Can We Please Make Room For Complex Female Athletes Like Hope Solo?

ByKATE FAGAN
January 22, 2015, 5:59 PM

— -- Hope Solo is complicated.

She is not just one thing. She is a ridiculously talented keeper, perhaps the best in the women's game. She is passionate and always speaks her mind -- even though doing so has landed her in more than a few thorny situations. And she has always seemed herself: no walls, optics be damned.

All of these qualities have attracted a legion of rabid fans, and have made Solo one of the most compelling personalities in women's sports. But along the way, the 33-year-old has also seemed to be teetering on the edge, like a sports car on two wheels, careening around a hairpin turn.

So in a way, the 30-day suspension that U.S. Soccer handed down Wednesday night seems a long time coming. Finally, someone else called a timeout for Solo, because she is apparently incapable of calling one for herself. It's a necessary suspension -- Solo needs to go away for a while, even though, it should be stated, she has not been convicted of a crime.

But this entire story raises a larger question: How do we talk about female athletes? What happens when a woman does not neatly fit into the media's and society's limited definition of who a female athlete can be and how she is supposed to act?

In other words: Can we make space for complicated, flawed female athletes?

At the moment, we rarely do. Instead, a few, well-worn narratives seem to exist for female athletes. There is the "sex symbol" (some tennis players, for instance) ... the "role model" (too many to name) ... the "girl next door" (see: many gymnasts and figure skaters) ... and the "cool, guy's gal" (some MMA fighters and women's basketball players). Female athletes who can supposedly be defined by one (or more) of the above labels account for the majority of stories told about women's sports. They're stereotypical, simplistic buckets to toss women in.

The truth is, these paint-by-numbers templates are helpful -- they allow us to say something, anything, about female athletes.

But it's also trite. Original storytelling demands time and resources, commodities rarely devoted to women's sports.
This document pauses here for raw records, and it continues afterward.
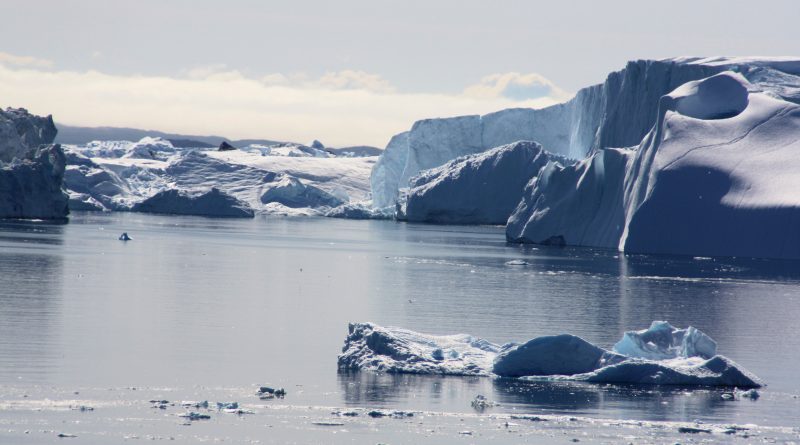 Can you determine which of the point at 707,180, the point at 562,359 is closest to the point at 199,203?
the point at 707,180

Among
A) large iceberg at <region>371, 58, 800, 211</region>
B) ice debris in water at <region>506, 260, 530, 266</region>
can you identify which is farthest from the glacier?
ice debris in water at <region>506, 260, 530, 266</region>

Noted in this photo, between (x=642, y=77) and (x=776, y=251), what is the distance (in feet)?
47.0

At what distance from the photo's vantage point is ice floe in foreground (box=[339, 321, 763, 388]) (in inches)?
531

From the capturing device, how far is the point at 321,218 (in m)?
91.4

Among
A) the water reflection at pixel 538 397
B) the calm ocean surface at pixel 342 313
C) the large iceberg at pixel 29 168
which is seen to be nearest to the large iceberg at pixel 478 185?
the calm ocean surface at pixel 342 313

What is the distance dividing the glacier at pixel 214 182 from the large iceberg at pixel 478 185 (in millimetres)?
18187

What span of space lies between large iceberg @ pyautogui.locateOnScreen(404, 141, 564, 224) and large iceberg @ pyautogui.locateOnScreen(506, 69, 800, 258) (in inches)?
565

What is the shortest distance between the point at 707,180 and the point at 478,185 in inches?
1056

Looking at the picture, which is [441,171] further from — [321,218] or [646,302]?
[646,302]

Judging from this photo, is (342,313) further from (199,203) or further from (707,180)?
(199,203)

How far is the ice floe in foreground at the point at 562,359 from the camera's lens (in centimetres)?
1350

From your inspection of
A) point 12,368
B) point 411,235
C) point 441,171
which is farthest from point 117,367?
point 441,171

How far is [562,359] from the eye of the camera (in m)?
13.7

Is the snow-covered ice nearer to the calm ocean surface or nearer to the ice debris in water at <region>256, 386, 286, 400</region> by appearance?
the calm ocean surface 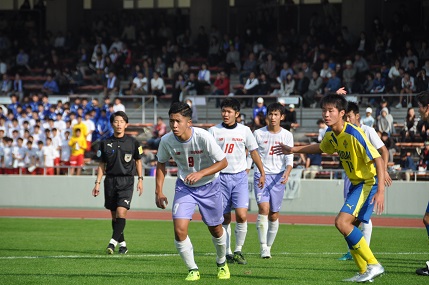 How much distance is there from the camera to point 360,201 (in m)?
10.9

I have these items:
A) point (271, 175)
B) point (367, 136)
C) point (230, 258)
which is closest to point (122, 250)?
point (230, 258)

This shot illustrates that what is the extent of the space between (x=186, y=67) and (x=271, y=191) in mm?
21886

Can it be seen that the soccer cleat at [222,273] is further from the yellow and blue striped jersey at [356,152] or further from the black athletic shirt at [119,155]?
the black athletic shirt at [119,155]

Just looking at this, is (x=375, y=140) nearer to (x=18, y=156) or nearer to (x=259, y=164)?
(x=259, y=164)

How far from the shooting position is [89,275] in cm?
1173

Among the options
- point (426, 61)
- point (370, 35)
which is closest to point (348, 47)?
point (370, 35)

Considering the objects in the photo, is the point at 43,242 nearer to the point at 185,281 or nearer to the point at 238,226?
the point at 238,226

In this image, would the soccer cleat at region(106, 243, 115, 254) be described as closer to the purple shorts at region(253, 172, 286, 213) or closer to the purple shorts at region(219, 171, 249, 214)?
the purple shorts at region(219, 171, 249, 214)

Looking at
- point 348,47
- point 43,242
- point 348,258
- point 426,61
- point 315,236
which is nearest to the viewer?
point 348,258

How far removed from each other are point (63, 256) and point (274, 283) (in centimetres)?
491

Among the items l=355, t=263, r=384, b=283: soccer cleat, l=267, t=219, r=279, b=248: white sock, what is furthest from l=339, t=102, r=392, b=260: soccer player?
l=355, t=263, r=384, b=283: soccer cleat

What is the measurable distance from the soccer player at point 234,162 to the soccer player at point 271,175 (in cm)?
54

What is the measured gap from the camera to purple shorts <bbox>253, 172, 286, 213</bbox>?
48.1 ft

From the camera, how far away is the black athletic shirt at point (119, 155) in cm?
1537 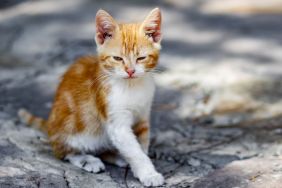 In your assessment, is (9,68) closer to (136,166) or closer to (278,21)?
(136,166)

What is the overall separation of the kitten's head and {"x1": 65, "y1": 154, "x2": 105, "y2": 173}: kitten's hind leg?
616 mm

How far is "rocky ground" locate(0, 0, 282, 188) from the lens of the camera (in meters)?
3.78

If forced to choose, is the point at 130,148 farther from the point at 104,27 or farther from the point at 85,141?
the point at 104,27

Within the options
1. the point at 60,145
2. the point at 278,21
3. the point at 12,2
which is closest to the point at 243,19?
the point at 278,21

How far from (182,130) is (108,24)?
1.38m

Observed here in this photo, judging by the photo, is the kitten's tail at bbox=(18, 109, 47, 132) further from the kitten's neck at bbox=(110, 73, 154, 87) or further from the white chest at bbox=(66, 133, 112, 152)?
the kitten's neck at bbox=(110, 73, 154, 87)

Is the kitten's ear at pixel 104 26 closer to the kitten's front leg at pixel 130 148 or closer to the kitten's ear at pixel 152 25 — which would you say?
the kitten's ear at pixel 152 25

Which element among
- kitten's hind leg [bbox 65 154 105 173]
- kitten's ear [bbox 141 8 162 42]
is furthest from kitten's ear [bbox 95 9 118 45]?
kitten's hind leg [bbox 65 154 105 173]

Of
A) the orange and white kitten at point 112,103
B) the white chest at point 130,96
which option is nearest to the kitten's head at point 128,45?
the orange and white kitten at point 112,103

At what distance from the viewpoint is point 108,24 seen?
3.87 meters

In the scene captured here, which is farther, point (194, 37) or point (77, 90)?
point (194, 37)

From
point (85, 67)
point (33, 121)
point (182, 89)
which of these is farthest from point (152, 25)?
point (182, 89)

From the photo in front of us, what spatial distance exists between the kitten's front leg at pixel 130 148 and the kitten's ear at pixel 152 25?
0.57 meters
So what happens when a female athlete exists far outside one of the aforementioned templates? Usually, she doesn't get any coverage at all, because nobody knows how to write about her, doesn't have the time to learn, or isn't interested enough in the first place. Often, those within women's sports are the biggest problem, as they shy away from saying anything remotely interesting or dynamic, for fear they'll lose the small piece of the pie that women's sports possesses. They'd rather play it safe and keep perpetuating the squeaky clean image, which is much safer than being vulnerable and real and flawed. (Of course, these things aren't mutually exclusive, and telling stories of positive female role models is extremely important.)

And the end result is that the media presents female athletes as mostly one-dimensional characters. Which, let's face it, is boring.
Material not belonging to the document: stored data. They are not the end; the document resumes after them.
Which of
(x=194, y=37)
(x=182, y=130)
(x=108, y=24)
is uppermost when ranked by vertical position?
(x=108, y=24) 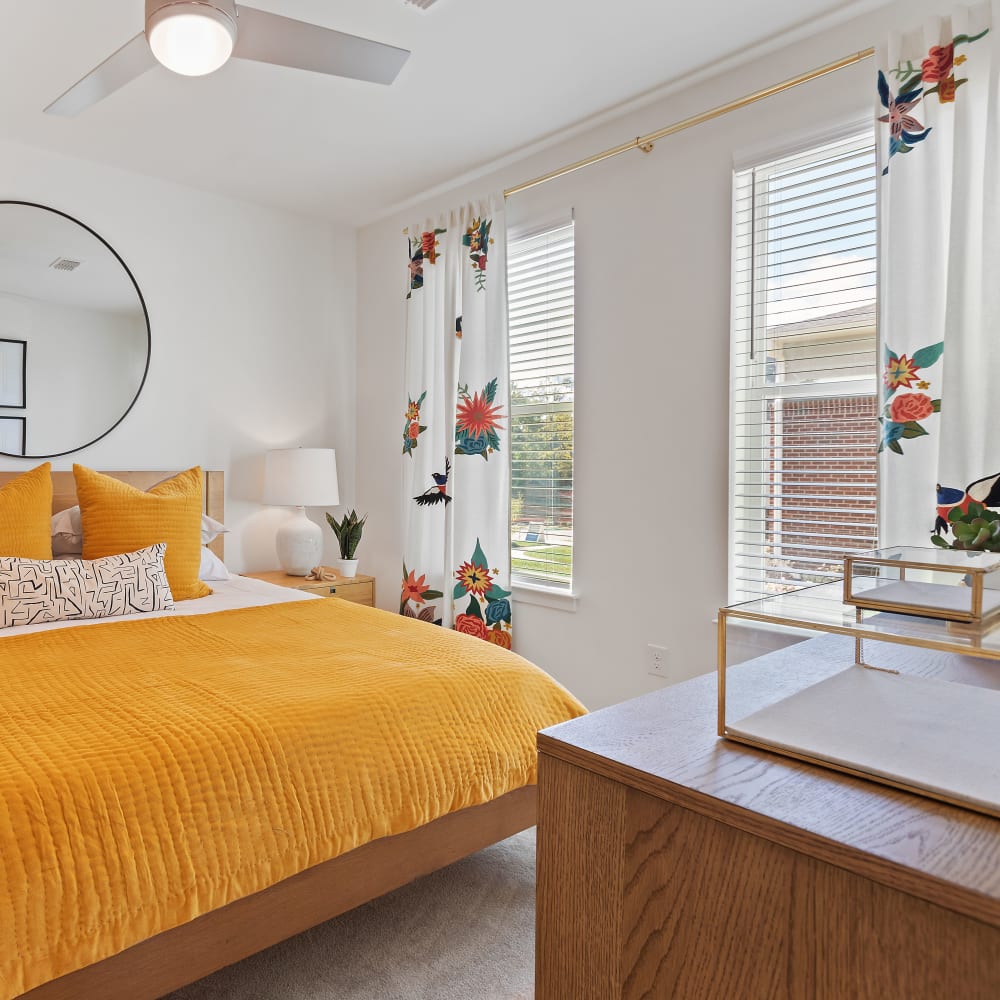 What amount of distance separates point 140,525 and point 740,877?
270 centimetres

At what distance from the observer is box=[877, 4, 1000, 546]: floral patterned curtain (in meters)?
1.98

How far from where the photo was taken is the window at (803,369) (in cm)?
240

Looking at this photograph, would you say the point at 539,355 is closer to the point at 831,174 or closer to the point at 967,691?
the point at 831,174

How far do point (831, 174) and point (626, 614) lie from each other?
66.1 inches

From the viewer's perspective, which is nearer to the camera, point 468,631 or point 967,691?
point 967,691

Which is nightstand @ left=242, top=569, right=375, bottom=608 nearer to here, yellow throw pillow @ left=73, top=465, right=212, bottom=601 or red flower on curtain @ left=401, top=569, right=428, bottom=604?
red flower on curtain @ left=401, top=569, right=428, bottom=604

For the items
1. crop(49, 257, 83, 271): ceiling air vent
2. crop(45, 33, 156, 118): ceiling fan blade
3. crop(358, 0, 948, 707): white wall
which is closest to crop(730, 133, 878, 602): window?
crop(358, 0, 948, 707): white wall

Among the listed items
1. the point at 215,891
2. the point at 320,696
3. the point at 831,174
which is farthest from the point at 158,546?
the point at 831,174

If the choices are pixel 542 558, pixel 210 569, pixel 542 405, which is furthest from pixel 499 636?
pixel 210 569

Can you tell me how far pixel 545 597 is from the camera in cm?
333

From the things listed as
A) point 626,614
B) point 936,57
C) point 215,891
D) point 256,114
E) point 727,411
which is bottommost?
point 215,891

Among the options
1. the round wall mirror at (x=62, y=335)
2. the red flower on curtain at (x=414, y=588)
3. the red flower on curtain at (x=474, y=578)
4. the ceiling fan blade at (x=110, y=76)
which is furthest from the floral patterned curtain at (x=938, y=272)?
the round wall mirror at (x=62, y=335)

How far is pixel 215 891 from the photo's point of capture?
4.51ft

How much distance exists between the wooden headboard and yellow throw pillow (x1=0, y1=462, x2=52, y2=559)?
0.49 m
We love heroes. But heroes need villains. We love controversy. But controversy needs context. And women's sports exist in such a small sliver of space that room doesn't exist for that kind of dialogue, that kind of character development.
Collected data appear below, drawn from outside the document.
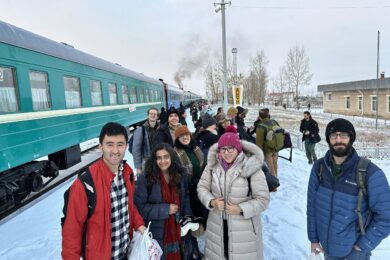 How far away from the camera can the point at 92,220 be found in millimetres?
1933

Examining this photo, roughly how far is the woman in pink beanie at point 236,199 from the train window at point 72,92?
5.27 m

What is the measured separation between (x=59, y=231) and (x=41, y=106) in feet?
8.59

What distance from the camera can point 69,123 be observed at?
22.0 feet

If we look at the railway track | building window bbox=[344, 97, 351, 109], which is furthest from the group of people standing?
building window bbox=[344, 97, 351, 109]

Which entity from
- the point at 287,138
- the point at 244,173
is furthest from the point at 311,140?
the point at 244,173

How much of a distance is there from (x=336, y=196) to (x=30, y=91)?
5.31m

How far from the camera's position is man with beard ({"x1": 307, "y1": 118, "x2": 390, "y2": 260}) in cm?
203

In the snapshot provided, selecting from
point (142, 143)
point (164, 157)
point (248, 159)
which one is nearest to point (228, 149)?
point (248, 159)

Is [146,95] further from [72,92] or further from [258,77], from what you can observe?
[258,77]

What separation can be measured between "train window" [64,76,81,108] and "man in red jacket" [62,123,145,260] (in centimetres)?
522

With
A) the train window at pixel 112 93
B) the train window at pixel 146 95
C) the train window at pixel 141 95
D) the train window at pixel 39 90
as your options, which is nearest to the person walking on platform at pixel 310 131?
the train window at pixel 112 93

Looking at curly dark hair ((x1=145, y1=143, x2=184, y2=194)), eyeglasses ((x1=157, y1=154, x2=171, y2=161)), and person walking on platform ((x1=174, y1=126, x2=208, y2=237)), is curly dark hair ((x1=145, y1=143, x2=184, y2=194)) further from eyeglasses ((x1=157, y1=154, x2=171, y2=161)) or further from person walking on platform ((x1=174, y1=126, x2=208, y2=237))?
person walking on platform ((x1=174, y1=126, x2=208, y2=237))

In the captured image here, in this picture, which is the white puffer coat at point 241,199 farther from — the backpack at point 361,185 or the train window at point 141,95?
the train window at point 141,95

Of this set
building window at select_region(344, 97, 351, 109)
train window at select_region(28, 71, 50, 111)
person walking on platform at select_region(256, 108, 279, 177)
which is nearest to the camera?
train window at select_region(28, 71, 50, 111) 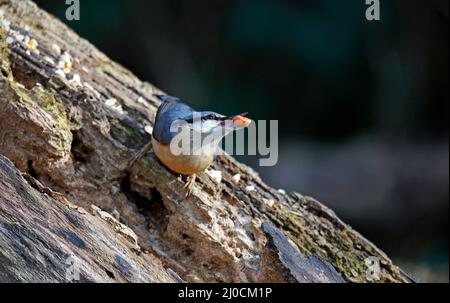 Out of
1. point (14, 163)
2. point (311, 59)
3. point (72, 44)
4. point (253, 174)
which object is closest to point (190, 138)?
point (253, 174)

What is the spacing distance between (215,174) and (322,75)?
16.8 feet

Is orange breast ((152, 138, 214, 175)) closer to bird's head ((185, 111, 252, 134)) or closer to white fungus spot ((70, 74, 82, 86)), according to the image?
bird's head ((185, 111, 252, 134))

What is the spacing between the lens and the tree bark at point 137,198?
3.18 metres

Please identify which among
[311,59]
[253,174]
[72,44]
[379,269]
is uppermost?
[311,59]

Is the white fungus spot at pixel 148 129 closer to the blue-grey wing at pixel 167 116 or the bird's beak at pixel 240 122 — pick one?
A: the blue-grey wing at pixel 167 116

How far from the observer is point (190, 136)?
3449 millimetres

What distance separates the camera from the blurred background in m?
8.46

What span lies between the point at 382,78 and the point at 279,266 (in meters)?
5.54

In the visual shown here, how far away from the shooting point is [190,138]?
3.44 meters

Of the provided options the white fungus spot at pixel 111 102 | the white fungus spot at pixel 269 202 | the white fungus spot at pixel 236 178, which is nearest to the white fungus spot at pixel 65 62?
the white fungus spot at pixel 111 102

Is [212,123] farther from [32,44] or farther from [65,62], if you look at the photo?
[32,44]

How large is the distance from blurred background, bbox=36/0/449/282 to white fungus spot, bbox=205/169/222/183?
4647mm

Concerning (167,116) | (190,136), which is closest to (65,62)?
(167,116)

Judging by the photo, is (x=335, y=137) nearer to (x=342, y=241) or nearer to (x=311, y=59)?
(x=311, y=59) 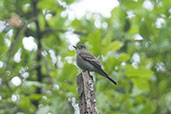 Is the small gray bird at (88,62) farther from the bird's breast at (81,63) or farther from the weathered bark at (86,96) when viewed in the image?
the weathered bark at (86,96)

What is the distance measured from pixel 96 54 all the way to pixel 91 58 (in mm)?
758

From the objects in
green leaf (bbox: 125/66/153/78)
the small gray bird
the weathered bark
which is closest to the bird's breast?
the small gray bird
Solo is different. She offers something different. She is flawed. She has made, and continues to make, mistakes. None of that should be condoned. But she should not be dismissed as some sort of anomaly. She is an extreme example, but she is still representative of a truth: Female athletes are real, live human beings, and they struggle with the same things all human beings struggle with.

What if we start writing about that -- all of that?

Two weeks ago, Maggie Gyllenhaal accepted the Golden Globe for best actress. During her speech, she discussed the progress she has noticed for how women are being portrayed on TV and in movies. "What I see, actually, are women who are sometimes powerful and sometimes not; sometimes sexy, sometimes not; sometimes honorable, sometimes not. And what I think is new is the wealth of roles for actual women in television and film. That's what I think is revolutionary and evolutionary."

So will the sports world evolve in a similar way -- in how we think of female athletes, how we write about them?